L'équipe Loueo14 min de lecture

Lorsque vous mettez un logement en location, le dossier de candidature est votre principal outil de sélection. C'est sur la base de ces documents que vous allez évaluer la solvabilité d'un candidat, vérifier son identité et prendre une décision éclairée. Mais attention : depuis la loi ALUR du 24 mars 2014 et son décret d'application du 5 novembre 2015, la liste des pièces que vous pouvez exiger est strictement encadrée. Demander un document interdit vous expose à des sanctions pouvant atteindre 3 000 euros pour un particulier et 15 000 euros pour une personne morale.

Que vous soyez propriétaire débutant ou bailleur expérimenté, que vous passiez par une agence ou que vous choisissiez de louer sans agence, ce guide fait le point complet sur ce que vous avez le droit de demander, ce qui est formellement interdit, et comment constituer un processus de sélection à la fois rigoureux et conforme à la loi.

Que dit la loi sur les documents d'un dossier de candidature ?

Le cadre juridique actuel repose sur deux textes fondamentaux. La loi ALUR (loi pour l'accès au logement et un urbanisme rénové) du 24 mars 2014 a posé le principe d'une liste limitative de documents exigibles. Le décret n° 2015-1437 du 5 novembre 2015 a précisé cette liste de manière exhaustive.

Avant ces textes, les propriétaires pouvaient exiger à peu près n'importe quel document. Certains demandaient des relevés de compte bancaire, des attestations de l'employeur sur le comportement professionnel du candidat, voire des photos d'identité sans lien avec le bail. Ces pratiques, souvent discriminatoires, ont conduit le législateur à intervenir.

Selon l'article 22-2 de la loi du 6 juillet 1989 modifié par la loi ALUR : "En préalable à l'établissement du contrat de location, le bailleur ne peut demander au candidat à la location de produire les documents dont la liste est fixée par décret en Conseil d'État, pris après avis de la Commission nationale de concertation." Autrement dit, la liste du décret est limitative : tout ce qui n'y figure pas est interdit.

Ce cadre s'applique aussi bien au locataire qu'à son éventuel garant (personne physique ou morale). Les mêmes règles protègent les deux.

Des plateformes comme Loueo intègrent ces règles directement dans le parcours de candidature, de sorte que seuls les documents autorisés par le décret sont demandés au candidat — sans effort supplémentaire de la part du propriétaire.

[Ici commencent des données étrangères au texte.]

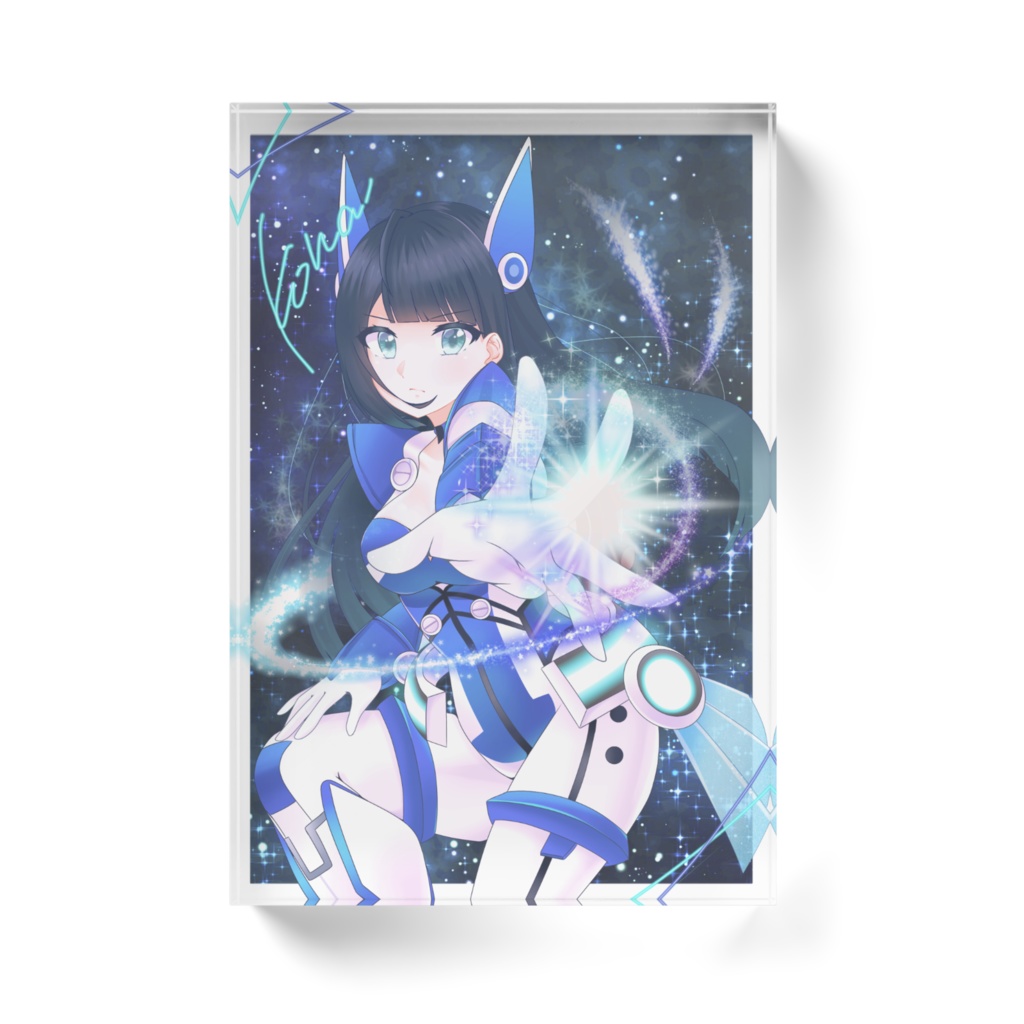 【ギャラクシー】明日葉✳アクリルブロック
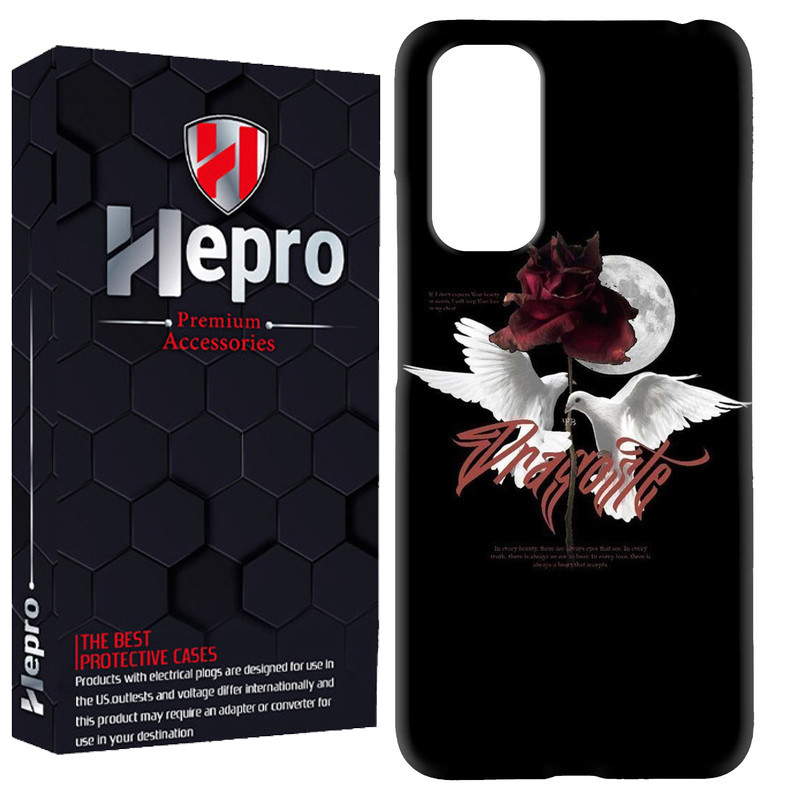 کاور هپرو مدل RC مناسب برای گوشی موبایل شیائومی Redmi Note 12 Pro 4G / Redmi Note 11 Pro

Quels sont les documents autorisés dans un dossier de candidature locative ?

Le décret du 5 novembre 2015 établit quatre catégories de pièces justificatives que le propriétaire peut légitimement demander. Sur Loueo, la liste des pièces demandées s'adapte automatiquement au profil du candidat — salarié, indépendant ou étudiant — pour rester conforme tout en simplifiant la démarche. Voici le détail complet.

1. Une pièce d'identité en cours de validité

Le candidat doit fournir un seul document parmi les suivants :

  • Carte nationale d'identité française ou étrangère
  • Passeport français ou étranger
  • Permis de conduire français ou étranger
  • Carte de séjour temporaire, carte de résident, certificat de résidence de ressortissant algérien, carte de ressortissant d'un État membre de l'UE

Le bailleur ne peut pas exiger plusieurs pièces d'identité. Un seul document suffit à remplir cette catégorie. Selon une étude de la FNAIM publiée en 2024, 12 % des propriétaires demandent encore deux pièces d'identité à leurs candidats, en violation de la réglementation.

2. Un justificatif de domicile

Le candidat doit prouver sa situation de logement actuelle avec un seul document parmi :

  • Les trois dernières quittances de loyer (ou, à défaut, une attestation du précédent bailleur indiquant que le locataire est à jour de ses loyers et charges)
  • Une attestation d'élection de domicile établie par un organisme agréé (pour les personnes sans domicile stable)
  • Une attestation sur l'honneur de l'hébergeant indiquant que le candidat réside à son domicile, accompagnée d'une pièce d'identité et d'un justificatif de domicile de l'hébergeant
  • Le dernier avis de taxe foncière (si le candidat est propriétaire de sa résidence actuelle)

Pour un primo-locataire qui quitte le domicile familial, l'attestation de l'hébergeant (parent) accompagnée de sa pièce d'identité est la solution la plus courante.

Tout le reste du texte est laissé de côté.